Koreans Would Go to Cinema More If Tickets Were Cheaper

  • By Nam Jeong-mi, Baik Su-jin

    May 26, 2023 13:08

    Koreans would go to the cinema more often if prices were cheaper, a straw poll suggests.
    Ticket prices have risen to W15,000 on weekdays over the course of the coronavirus pandemic, and to over W20,000 on weekends and for IMAX, 4DX and other fancy projections. For many people that is too much in straitened times (US$1=W1,326). 
    Audience numbers have not recovered as much as expected since the end of lockdown, with 6.97 million tickets sold last month, which is only 52 percent of the level in 2019.
    Pollster Tillion Pro polled 4,031 adults and found that 76.2 percent would go to theaters more if ticket prices came down again. Some 52.7 percent said they did not go to see the latest releases because the tickets were too expensive.
    More than half or 53.4 percent said ticket prices are "fairly expensive" and 25.6 percent "very expensive." 
    Asked what an adequate price might be, 33.4 percent said less than W8,000, while 45.4 percent chose W8,000 to W10,000 and 15.5 percent chose W10,000 to W12,000. 

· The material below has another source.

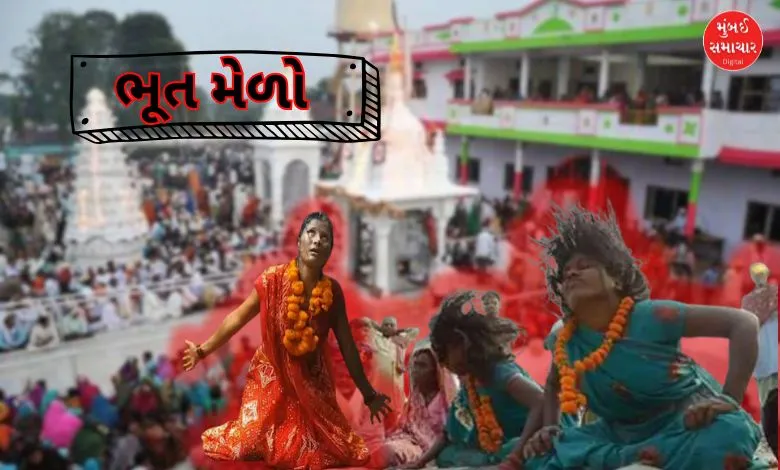 bhoot mela in madhya pradesh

    Film critic Jung Ji-wook said, "In order to get more people into cinemas, ticket prices should be slashed below W10,000. Cinemas claim that the price hike was necessary to help the film industry recover from the pandemic hit, but it's doubtful that it really benefits other parties in the industry like producers and distributors." 
    Each Korean watched 4.4 movies in 2019, which was the highest in the world. But now, 27 percent of Koreans say they haven't visited a movie theater in more than a year, while only 13.7 percent say they went to the cinema in the past week and 19.1 percent in the past month. 

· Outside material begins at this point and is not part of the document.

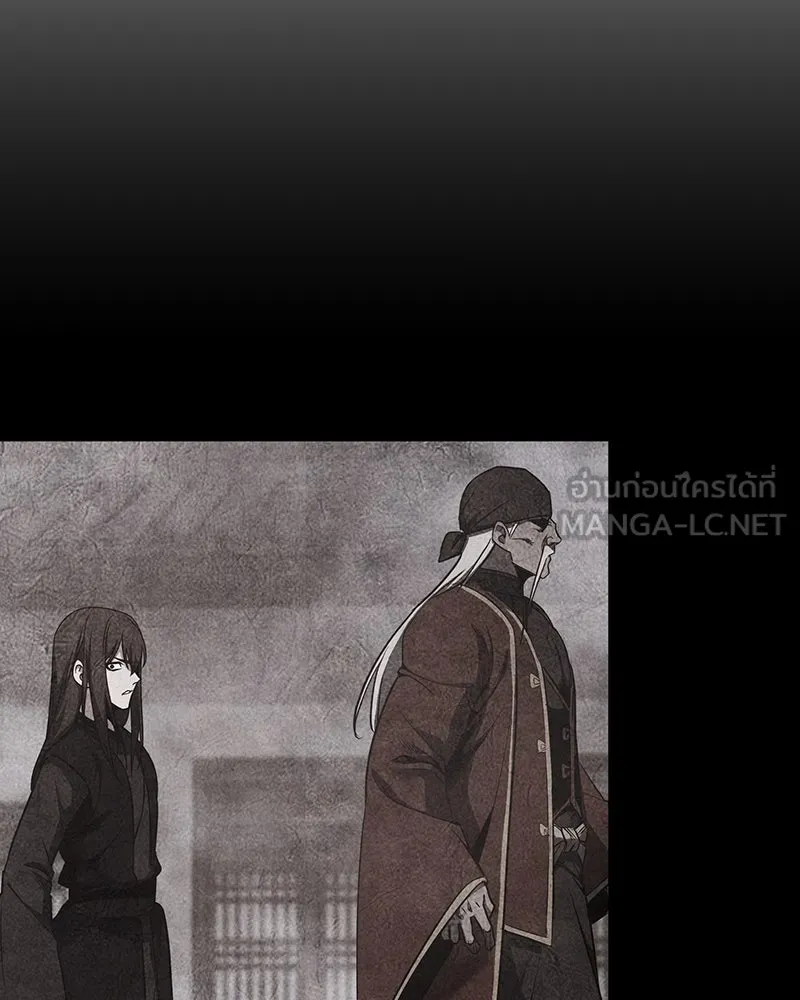 I Reincarnated As The Crazed Heir เกิดอีกทีเป็นว่าที่ประมุขลัทธิมาร ตอนที่ 122 page 53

    The biggest reason they cited for staying out of theaters is high ticket prices, followed by a lack of good movies, use of streaming sites, and lingering fear of coronavirus infections.

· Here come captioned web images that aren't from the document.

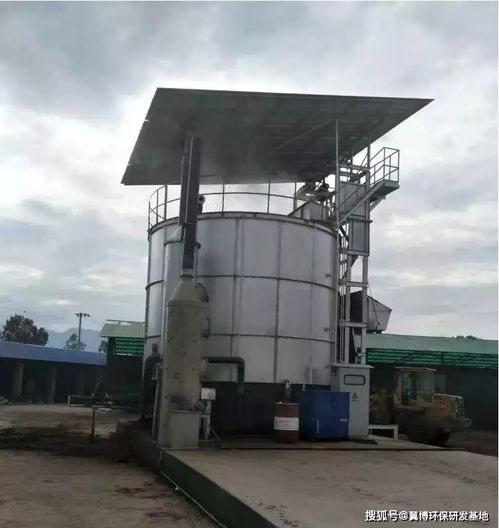 畜禽糞便有機(jī)肥發(fā)酵罐 高效環(huán)保的肥料生產(chǎn)利器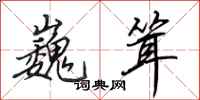 田英章巍耸行书怎么写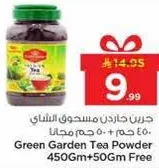 Green Garden Tea Powder 450Gm + 50Gm Free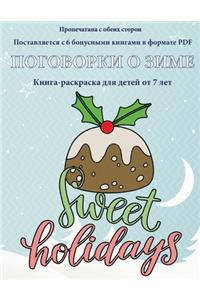 Книга-раскраска для детей от 7 лет (Поговорк&#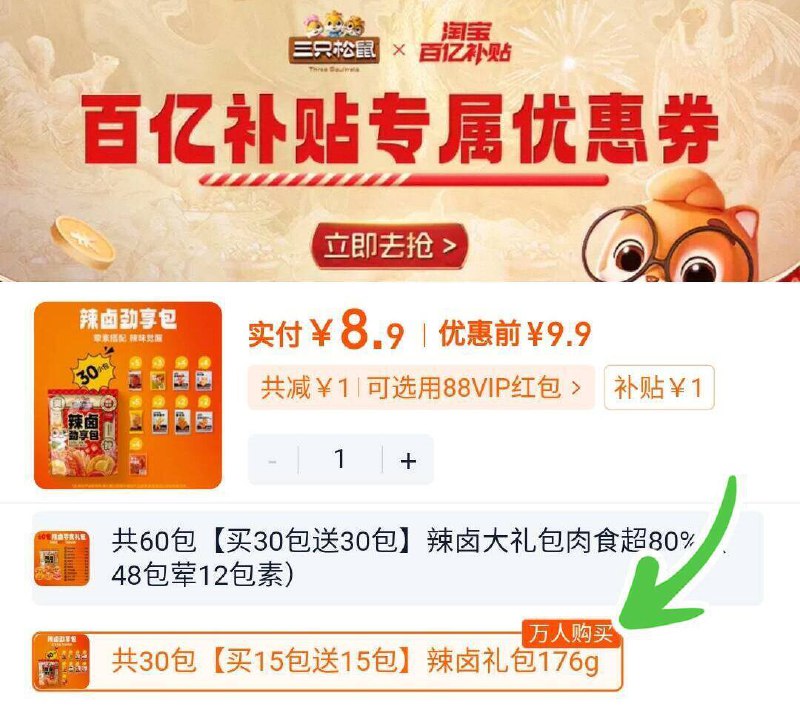 下拉详情页拍，8.9亓三只松鼠辣卤零食30包9/OFkG4TvKfvI// AA11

    Many people in their 20s and 30s who were the main moviegoers are heading instead to art galleries and museums.
    But there is still hope. The survey showed that around 50 percent of respondents are willing to go to the theater if the movie is worth it.
    It remains to be seen if this summer's releases are deemed worth it. Starting with "The Roundup: No Way Out," the third installment of the hit action franchise starring Ma Dong-seok, this summer also brings "Smugglers" by Ryoo Seung-wan and starring Kim Hye-soo, sci-fi movie "The Moon" by Kim Yong-hwa, "Mission: Impossible - Dead Reckoning Part 1" starring Tom Cruise, and Christopher Nolan's "Oppenheimer."